We will rewrite the given expression into a more convenient form that can be solved using l'Hôpital's Rule. The expression is: \[ \lim_{x\rightarrow\infty} (a^{1/x}-1)x. \] Let's consider a substitution: \[ y = \frac{1}{x}. \] This implies that as \(x\rightarrow\infty\), \(y\rightarrow0\), and our expression becomes: \[ \lim_{y \rightarrow 0}\frac{a^y - 1}{y}. \] Now, the expression is in a more convenient form for applying l'Hôpital's Rule, since it is in the form of an indeterminate type \(\frac{0}{0}\).

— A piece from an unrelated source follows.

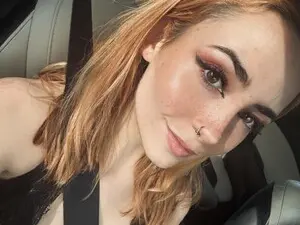 Myfreecams Free Porn Cam of Rpgmona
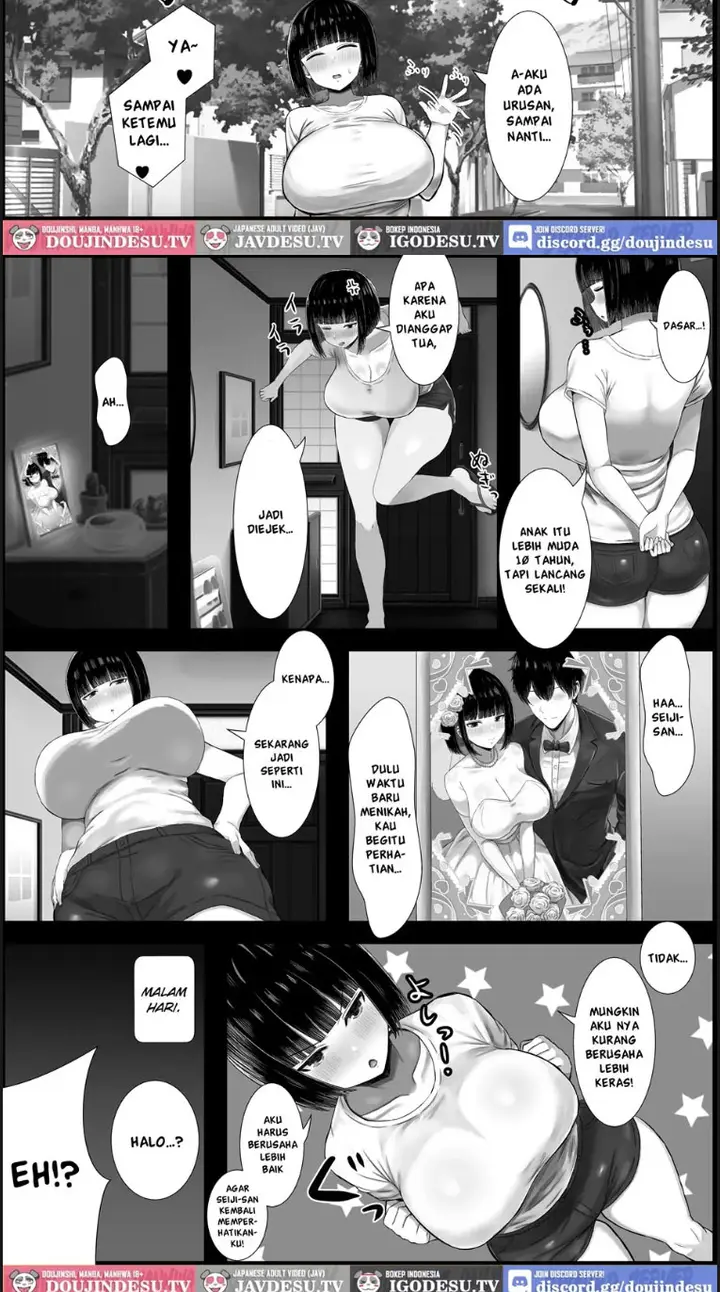 image-komik-wakadzuma-otsu-aisuru-danna-yori-chapter-01-end-3/28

Since our limit is now in the form \(\frac{0}{0}\), we can apply l'Hôpital's Rule. To do this, we need to differentiate the numerator and the denominator with respect to y: \[ \frac{d}{dy}(a^y-1) = a^y \ln a, \] and \[ \frac{d}{dy}(y) = 1. \] Now, apply l'Hôpital's Rule: \[ \lim_{y \rightarrow 0}\frac{a^y-1}{y} = \lim_{y \rightarrow 0}\frac{a^y \ln a}{1}. \]

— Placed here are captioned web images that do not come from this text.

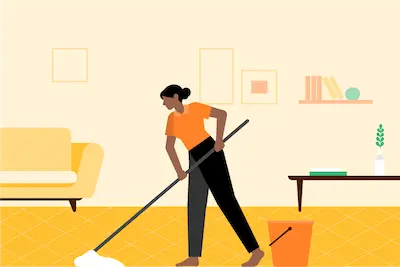 partner-home-cleaning-lau-chui-don-dep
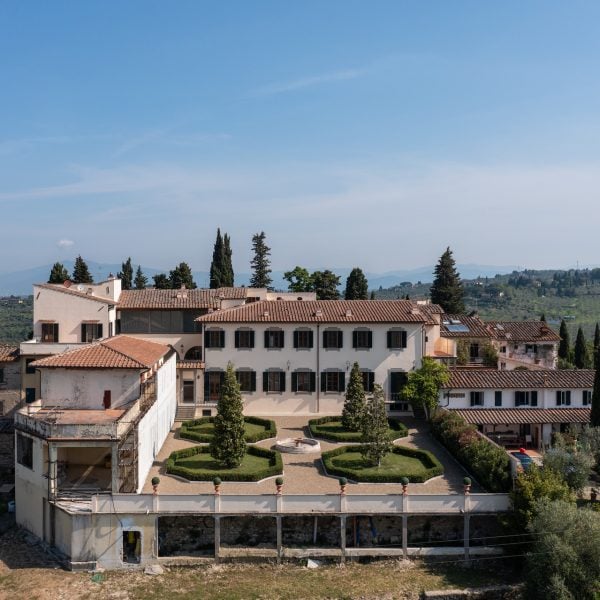 CIOLLI_HR_38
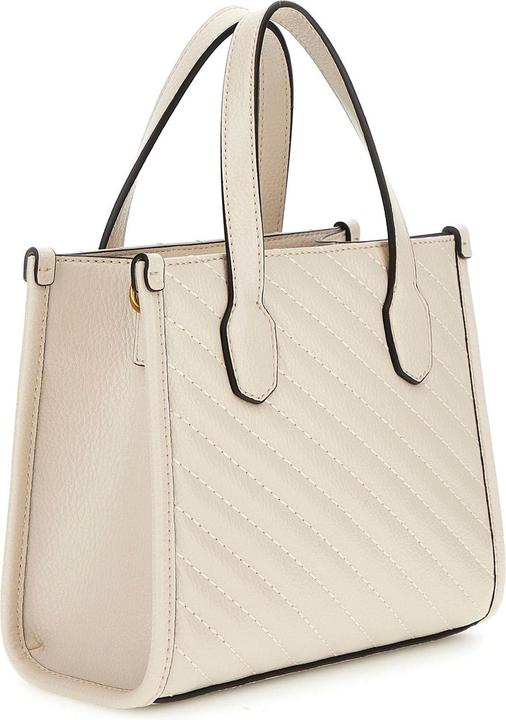 Immagine prodotto Guess Silvana 2 Compartment Mini Tote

Taking the limit as \(y\rightarrow0\) in the expression obtained after applying l'Hôpital's Rule: \[ \lim_{y \rightarrow 0}\frac{a^y \ln a}{1} = \frac{a^0 \ln a}{1} = \frac{\ln a}{1} = \ln a. \] Our final answer is: \[ \lim_{x \rightarrow \infty}\left(a^{1/x}-1\right)x = \ln a. \]